» **WHAT YOU HAVE TO DO**
If a line appears in the data below, it must appear in your answer exactly as given.

Web page caption snippets:
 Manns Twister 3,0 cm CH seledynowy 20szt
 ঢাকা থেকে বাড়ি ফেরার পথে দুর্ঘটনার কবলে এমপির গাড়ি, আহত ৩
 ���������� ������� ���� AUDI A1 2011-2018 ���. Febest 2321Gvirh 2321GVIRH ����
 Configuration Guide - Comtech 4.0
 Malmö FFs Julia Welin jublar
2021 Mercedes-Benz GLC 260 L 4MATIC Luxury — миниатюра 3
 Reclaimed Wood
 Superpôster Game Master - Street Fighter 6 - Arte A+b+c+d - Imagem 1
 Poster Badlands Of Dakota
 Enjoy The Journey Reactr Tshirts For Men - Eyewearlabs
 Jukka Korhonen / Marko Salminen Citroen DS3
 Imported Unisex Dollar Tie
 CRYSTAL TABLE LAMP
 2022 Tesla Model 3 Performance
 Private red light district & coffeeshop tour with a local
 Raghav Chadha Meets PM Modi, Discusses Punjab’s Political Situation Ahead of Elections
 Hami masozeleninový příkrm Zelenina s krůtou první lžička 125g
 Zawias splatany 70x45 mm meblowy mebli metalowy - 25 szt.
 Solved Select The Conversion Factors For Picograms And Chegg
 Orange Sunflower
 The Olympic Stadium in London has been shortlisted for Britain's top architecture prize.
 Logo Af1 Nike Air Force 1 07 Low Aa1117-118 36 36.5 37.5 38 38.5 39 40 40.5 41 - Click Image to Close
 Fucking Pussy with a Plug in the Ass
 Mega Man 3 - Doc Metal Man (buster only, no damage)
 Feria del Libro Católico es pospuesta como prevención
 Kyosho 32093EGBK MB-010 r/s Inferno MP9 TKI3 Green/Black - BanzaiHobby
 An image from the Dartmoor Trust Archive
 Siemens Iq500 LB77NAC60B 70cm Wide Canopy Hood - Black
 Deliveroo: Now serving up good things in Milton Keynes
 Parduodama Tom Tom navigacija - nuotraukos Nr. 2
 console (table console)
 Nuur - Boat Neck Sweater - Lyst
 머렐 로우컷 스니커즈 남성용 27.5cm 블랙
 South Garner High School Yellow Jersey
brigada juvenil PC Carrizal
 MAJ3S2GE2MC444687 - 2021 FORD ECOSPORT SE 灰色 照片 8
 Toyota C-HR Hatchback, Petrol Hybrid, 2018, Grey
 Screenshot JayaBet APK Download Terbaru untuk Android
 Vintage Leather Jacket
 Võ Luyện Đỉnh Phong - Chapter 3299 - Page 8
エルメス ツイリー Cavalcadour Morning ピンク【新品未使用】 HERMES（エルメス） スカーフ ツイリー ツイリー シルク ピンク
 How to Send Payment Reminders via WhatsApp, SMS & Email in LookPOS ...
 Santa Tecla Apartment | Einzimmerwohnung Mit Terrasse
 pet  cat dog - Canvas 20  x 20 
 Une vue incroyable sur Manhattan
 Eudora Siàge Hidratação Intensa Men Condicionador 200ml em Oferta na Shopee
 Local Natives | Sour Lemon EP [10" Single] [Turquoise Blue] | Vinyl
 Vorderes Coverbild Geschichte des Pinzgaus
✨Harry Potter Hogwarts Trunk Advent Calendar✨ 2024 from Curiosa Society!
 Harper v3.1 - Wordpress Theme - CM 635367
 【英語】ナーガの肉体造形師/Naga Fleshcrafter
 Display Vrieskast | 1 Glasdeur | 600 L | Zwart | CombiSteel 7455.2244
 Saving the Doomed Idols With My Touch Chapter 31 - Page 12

» **RESULT OF THE TASK**
 Manns Twister 3,0 cm CH seledynowy 20szt
 ঢাকা থেকে বাড়ি ফেরার পথে দুর্ঘটনার কবলে এমপির গাড়ি, আহত ৩
 ���������� ������� ���� AUDI A1 2011-2018 ���. Febest 2321Gvirh 2321GVIRH ����
 Configuration Guide - Comtech 4.0
 Malmö FFs Julia Welin jublar
2021 Mercedes-Benz GLC 260 L 4MATIC Luxury — миниатюра 3
 Reclaimed Wood
 Superpôster Game Master - Street Fighter 6 - Arte A+b+c+d - Imagem 1
 Poster Badlands Of Dakota
 Enjoy The Journey Reactr Tshirts For Men - Eyewearlabs
 Jukka Korhonen / Marko Salminen Citroen DS3
 Imported Unisex Dollar Tie
 CRYSTAL TABLE LAMP
 2022 Tesla Model 3 Performance
 Private red light district & coffeeshop tour with a local
 Raghav Chadha Meets PM Modi, Discusses Punjab’s Political Situation Ahead of Elections
 Hami masozeleninový příkrm Zelenina s krůtou první lžička 125g
 Zawias splatany 70x45 mm meblowy mebli metalowy - 25 szt.
 Solved Select The Conversion Factors For Picograms And Chegg
 Orange Sunflower
 The Olympic Stadium in London has been shortlisted for Britain's top architecture prize.
 Logo Af1 Nike Air Force 1 07 Low Aa1117-118 36 36.5 37.5 38 38.5 39 40 40.5 41 - Click Image to Close
 Fucking Pussy with a Plug in the Ass
 Mega Man 3 - Doc Metal Man (buster only, no damage)
 Feria del Libro Católico es pospuesta como prevención
 Kyosho 32093EGBK MB-010 r/s Inferno MP9 TKI3 Green/Black - BanzaiHobby
 An image from the Dartmoor Trust Archive
 Siemens Iq500 LB77NAC60B 70cm Wide Canopy Hood - Black
 Deliveroo: Now serving up good things in Milton Keynes
 Parduodama Tom Tom navigacija - nuotraukos Nr. 2
 console (table console)
 Nuur - Boat Neck Sweater - Lyst
 머렐 로우컷 스니커즈 남성용 27.5cm 블랙
 South Garner High School Yellow Jersey
brigada juvenil PC Carrizal
 MAJ3S2GE2MC444687 - 2021 FORD ECOSPORT SE 灰色 照片 8
 Toyota C-HR Hatchback, Petrol Hybrid, 2018, Grey
 Screenshot JayaBet APK Download Terbaru untuk Android
 Vintage Leather Jacket
 Võ Luyện Đỉnh Phong - Chapter 3299 - Page 8
エルメス ツイリー Cavalcadour Morning ピンク【新品未使用】 HERMES（エルメス） スカーフ ツイリー ツイリー シルク ピンク
 How to Send Payment Reminders via WhatsApp, SMS & Email in LookPOS ...
 Santa Tecla Apartment | Einzimmerwohnung Mit Terrasse
 pet  cat dog - Canvas 20  x 20 
 Une vue incroyable sur Manhattan
 Eudora Siàge Hidratação Intensa Men Condicionador 200ml em Oferta na Shopee
 Local Natives | Sour Lemon EP [10" Single] [Turquoise Blue] | Vinyl
 Vorderes Coverbild Geschichte des Pinzgaus
✨Harry Potter Hogwarts Trunk Advent Calendar✨ 2024 from Curiosa Society!
 Harper v3.1 - Wordpress Theme - CM 635367
 【英語】ナーガの肉体造形師/Naga Fleshcrafter
 Display Vrieskast | 1 Glasdeur | 600 L | Zwart | CombiSteel 7455.2244
 Saving the Doomed Idols With My Touch Chapter 31 - Page 12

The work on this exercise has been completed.